Thousands of meals for our large family, at least a hundred large (40+) dinner parties, many hundred smaller ones with the inner circle, all cooked from this well worn kitchen. After buying our house in 1989 we immediately had the original (1945 circa) avocado green kitchen (linoleum, appliances, trim!) torn out, removed a coat closet from the foyer that forced entry into the kitchen through a two foot opening, and had a new white kitchen installed.  The end product is the result of a few “back of the envelope meetings” with a designer/installer from my hometown Sparta.  (For our new kitchen I envision a much more comprehensive process.)

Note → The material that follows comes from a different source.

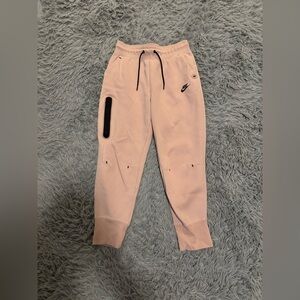 Nike Sportswear Tech Fleece Jogger Pants Girl’s Large Pink Logo Drawstring Gym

We got lucky, it is a well organized work space. A small center island with a down draft Jenair stove, corner sink flanked by five feet of white Corian (this was before granite) topped cabinets.  There’s a 36-inch SubZero with a dishwasher and trash compactor – by today’s kitchen standards, a dated, old fashioned space.  And yet, countless meals for our family and friends have been produced.  Many like this one have been made hundreds and hundreds of times.

Pasta with Peas, Gruyere and Ham

  • 4 oz Ham
  • 2 oz grated Gruyere
  • 8 – 12 oz Peas
  • I onion
  • Garlic
  • Chicken stock
  • 1 lb Pasta

Finely chop the ham.  (We freeze 4 oz chunks from the remainders of our large hams. I chop the frozen chunks of ham in the Cuisinart).  Place in a heavy fry pan with a bit of olive oil on low/medium heat, and brown ham bits till crispy.  Stir often.  Takes about 15-20 minutes.

Plates2

Meanwhile, melt a  tablespoon or so of butter and an equal amount of olive oil in a large sauté pan. Add chopped onion and garlic,  when translucent, add 2-4 cups chicken stock (depends how much sauce you prefer), bring to a boil and add frozen, rinsed petite peas (at least 8 oz, I usually add the whole bag).  Turn off the heat and set aside until pasta is ready.

Cook pasta in well salted water.  When al dente, retain a tea cup of the cooking water, drain pasta and immediately add pasta to the stock, peas, onion mixture.  Stir in ham and over a low heat for a minute, stir in the grated gruyere along with some of the retained cooking water.  Freshly ground pepper (if young children not consuming).

When all five of our children are home, I need to double this family favorite.  Recently, I brought this to our dear neighbors as they welcomed their new baby.  Years ago, delivering a meal to another family involved much thinking about what to cook.  Now, I just bring these simple meals.